Exercise goal: Exactly the line that contains "From Kyoto: Nara" and the lines following it to the end of the data are to be reproduced, and nothing more.
───── Data to process
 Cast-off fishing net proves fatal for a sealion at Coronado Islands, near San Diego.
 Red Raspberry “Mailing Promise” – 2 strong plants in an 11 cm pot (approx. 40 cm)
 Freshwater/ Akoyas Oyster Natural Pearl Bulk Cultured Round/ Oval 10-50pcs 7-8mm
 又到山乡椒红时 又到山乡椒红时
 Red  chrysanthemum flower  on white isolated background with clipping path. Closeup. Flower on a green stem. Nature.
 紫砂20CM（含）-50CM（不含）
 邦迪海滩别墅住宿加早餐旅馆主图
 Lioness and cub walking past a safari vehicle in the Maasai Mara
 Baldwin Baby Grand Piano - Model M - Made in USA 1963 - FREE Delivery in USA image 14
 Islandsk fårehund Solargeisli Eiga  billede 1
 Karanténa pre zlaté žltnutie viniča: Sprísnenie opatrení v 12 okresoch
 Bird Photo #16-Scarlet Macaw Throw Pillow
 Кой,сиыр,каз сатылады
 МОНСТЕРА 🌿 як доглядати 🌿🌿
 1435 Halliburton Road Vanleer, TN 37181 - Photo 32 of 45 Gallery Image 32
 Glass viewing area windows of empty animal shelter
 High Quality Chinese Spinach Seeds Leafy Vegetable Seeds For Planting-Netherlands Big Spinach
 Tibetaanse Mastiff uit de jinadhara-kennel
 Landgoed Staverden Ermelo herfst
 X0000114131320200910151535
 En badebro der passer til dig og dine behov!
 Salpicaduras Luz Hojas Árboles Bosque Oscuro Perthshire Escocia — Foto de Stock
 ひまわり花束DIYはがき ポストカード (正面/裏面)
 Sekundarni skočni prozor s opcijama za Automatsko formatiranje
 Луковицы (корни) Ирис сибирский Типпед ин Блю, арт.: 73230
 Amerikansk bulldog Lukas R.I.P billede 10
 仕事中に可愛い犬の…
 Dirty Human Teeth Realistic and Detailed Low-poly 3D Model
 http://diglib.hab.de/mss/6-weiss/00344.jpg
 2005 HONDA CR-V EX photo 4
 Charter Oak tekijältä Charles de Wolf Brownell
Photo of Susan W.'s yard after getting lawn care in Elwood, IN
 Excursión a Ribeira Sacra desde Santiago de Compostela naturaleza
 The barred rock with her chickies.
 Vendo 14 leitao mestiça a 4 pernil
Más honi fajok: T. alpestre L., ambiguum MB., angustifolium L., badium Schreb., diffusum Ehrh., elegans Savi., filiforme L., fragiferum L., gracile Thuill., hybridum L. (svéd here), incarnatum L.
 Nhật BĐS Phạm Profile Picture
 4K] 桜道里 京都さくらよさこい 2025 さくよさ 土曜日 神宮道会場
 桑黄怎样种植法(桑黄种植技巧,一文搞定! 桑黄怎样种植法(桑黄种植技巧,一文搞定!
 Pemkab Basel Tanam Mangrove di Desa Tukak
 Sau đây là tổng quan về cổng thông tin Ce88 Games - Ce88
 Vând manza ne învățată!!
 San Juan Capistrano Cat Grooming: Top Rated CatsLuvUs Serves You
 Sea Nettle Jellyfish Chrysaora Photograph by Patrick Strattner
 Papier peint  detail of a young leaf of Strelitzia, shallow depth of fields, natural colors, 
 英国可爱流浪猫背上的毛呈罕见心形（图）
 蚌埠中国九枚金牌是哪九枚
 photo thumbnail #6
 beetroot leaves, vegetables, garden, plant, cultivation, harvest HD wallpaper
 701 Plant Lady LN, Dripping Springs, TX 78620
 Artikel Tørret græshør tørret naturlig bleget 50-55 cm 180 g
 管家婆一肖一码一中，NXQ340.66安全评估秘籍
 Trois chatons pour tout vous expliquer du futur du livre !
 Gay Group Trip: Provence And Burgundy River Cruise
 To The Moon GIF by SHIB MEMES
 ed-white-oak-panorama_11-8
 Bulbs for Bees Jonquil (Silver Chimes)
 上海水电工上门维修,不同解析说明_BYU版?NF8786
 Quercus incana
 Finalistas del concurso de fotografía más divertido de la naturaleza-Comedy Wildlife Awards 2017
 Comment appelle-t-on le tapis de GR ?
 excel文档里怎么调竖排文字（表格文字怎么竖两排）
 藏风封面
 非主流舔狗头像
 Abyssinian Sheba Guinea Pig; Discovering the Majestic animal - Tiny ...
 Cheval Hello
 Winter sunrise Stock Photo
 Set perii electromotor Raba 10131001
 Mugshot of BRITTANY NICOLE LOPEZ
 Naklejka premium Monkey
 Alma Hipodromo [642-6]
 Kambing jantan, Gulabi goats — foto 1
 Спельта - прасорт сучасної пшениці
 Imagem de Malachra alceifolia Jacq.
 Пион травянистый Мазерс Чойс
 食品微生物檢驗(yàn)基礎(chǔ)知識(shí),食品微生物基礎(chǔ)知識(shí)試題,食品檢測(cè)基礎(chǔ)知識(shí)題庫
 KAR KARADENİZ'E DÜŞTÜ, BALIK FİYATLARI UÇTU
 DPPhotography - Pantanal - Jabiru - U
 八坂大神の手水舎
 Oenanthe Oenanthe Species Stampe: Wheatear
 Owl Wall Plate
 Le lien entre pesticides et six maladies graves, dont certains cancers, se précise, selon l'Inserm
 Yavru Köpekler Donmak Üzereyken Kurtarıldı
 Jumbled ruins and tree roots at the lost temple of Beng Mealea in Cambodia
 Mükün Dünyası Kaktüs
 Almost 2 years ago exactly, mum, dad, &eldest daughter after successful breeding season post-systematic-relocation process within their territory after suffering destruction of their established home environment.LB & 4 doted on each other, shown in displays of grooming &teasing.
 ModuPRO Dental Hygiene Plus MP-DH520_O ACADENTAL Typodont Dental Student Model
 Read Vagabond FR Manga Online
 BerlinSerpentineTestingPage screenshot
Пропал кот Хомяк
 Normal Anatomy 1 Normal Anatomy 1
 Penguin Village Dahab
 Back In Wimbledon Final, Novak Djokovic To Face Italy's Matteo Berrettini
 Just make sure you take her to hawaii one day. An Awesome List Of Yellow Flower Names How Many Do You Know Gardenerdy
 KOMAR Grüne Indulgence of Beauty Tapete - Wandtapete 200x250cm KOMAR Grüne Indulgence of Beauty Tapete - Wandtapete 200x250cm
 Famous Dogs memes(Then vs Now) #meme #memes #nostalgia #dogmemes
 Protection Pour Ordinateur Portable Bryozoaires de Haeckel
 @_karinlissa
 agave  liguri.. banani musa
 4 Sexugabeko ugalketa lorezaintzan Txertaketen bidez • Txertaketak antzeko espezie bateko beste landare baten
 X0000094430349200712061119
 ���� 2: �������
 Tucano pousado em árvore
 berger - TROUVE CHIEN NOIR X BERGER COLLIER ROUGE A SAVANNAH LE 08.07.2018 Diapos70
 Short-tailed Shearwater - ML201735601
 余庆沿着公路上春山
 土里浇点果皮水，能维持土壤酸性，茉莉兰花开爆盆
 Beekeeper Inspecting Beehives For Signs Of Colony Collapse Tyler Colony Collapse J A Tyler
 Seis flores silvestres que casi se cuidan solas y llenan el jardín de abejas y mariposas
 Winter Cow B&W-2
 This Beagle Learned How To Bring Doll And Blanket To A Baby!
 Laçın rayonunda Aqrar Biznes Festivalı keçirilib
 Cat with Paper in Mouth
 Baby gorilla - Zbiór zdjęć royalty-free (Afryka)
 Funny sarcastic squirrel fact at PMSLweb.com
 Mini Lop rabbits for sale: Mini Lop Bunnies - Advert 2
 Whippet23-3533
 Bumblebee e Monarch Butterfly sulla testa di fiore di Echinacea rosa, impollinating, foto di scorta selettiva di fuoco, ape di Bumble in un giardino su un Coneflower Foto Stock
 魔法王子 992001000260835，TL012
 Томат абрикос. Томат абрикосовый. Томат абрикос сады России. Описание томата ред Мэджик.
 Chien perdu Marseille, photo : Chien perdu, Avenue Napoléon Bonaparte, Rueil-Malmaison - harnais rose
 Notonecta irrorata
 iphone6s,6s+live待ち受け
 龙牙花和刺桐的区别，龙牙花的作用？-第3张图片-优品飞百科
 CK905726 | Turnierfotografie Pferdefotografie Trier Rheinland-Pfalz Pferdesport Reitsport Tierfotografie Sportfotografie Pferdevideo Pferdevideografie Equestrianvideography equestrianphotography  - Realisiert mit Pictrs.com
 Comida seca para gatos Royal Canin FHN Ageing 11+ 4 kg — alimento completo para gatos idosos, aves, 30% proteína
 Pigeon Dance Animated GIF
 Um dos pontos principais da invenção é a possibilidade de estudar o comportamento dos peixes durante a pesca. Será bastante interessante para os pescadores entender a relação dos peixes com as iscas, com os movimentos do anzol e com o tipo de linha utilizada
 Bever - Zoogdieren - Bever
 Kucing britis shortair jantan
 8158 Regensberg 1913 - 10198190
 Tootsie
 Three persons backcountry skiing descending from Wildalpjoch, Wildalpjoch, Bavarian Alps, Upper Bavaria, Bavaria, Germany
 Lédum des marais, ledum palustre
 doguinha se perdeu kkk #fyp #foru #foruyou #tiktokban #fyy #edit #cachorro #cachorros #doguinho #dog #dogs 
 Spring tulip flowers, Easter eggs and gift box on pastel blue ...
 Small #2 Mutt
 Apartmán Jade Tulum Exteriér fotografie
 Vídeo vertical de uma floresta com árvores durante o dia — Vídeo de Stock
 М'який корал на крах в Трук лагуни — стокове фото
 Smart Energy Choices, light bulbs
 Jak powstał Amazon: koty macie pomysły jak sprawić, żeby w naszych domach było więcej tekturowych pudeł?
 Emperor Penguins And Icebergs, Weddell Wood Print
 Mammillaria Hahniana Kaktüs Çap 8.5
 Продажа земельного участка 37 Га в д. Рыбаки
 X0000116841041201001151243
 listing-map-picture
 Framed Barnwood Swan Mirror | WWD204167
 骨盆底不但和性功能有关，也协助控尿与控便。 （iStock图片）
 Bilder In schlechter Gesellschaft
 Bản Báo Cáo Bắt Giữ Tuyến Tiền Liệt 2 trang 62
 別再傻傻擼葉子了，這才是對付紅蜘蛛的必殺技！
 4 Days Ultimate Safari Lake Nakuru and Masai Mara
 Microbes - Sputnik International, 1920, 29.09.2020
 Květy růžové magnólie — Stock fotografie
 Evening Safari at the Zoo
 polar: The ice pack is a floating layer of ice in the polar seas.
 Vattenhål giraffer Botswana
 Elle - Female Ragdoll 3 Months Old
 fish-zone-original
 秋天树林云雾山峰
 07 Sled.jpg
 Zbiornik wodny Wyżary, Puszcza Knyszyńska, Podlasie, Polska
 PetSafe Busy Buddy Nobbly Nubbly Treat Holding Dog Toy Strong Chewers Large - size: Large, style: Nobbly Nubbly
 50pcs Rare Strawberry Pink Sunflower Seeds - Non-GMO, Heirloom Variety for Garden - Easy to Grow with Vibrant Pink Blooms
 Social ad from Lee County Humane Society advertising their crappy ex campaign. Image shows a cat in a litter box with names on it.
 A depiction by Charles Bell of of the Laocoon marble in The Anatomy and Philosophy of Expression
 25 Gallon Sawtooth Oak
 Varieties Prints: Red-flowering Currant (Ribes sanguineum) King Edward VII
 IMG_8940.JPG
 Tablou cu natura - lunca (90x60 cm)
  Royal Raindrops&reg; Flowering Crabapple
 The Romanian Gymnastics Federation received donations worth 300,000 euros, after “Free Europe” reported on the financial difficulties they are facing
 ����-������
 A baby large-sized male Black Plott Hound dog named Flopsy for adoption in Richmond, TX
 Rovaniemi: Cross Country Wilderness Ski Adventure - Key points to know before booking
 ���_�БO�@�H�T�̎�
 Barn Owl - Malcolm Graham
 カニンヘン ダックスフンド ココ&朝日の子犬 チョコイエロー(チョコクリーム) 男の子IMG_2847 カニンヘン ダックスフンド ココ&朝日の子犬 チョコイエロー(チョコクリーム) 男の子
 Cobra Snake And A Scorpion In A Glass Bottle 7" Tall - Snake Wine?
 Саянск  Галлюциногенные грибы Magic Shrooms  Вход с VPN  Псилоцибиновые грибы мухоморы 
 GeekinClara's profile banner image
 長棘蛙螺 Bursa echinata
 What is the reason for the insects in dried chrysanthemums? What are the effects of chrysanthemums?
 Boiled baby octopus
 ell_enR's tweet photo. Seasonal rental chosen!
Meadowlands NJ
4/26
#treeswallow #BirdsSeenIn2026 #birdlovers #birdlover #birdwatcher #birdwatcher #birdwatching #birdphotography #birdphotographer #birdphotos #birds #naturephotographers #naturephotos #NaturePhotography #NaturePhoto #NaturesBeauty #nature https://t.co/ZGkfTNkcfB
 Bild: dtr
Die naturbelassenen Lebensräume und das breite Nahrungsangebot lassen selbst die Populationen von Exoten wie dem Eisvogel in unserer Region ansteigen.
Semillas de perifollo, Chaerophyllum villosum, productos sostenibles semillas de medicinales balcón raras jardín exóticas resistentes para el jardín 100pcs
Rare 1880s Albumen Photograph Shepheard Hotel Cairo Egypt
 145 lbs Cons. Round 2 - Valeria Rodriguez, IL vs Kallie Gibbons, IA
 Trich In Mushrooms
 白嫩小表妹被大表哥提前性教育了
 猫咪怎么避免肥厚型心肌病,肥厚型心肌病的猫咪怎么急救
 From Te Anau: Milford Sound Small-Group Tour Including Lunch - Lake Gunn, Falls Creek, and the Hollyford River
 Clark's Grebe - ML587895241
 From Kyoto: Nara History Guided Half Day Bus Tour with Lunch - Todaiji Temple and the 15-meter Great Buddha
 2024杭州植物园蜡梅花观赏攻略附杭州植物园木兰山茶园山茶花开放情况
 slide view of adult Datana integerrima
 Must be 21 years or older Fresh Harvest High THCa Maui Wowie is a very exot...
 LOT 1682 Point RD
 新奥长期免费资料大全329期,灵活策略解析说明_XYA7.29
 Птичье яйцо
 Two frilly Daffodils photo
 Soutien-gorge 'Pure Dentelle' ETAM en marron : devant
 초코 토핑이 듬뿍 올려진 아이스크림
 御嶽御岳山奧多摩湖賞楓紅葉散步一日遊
──────────
Output below:
 From Kyoto: Nara History Guided Half Day Bus Tour with Lunch - Todaiji Temple and the 15-meter Great Buddha
 2024杭州植物园蜡梅花观赏攻略附杭州植物园木兰山茶园山茶花开放情况
 slide view of adult Datana integerrima
 Must be 21 years or older Fresh Harvest High THCa Maui Wowie is a very exot...
 LOT 1682 Point RD
 新奥长期免费资料大全329期,灵活策略解析说明_XYA7.29
 Птичье яйцо
 Two frilly Daffodils photo
 Soutien-gorge 'Pure Dentelle' ETAM en marron : devant
 초코 토핑이 듬뿍 올려진 아이스크림
 御嶽御岳山奧多摩湖賞楓紅葉散步一日遊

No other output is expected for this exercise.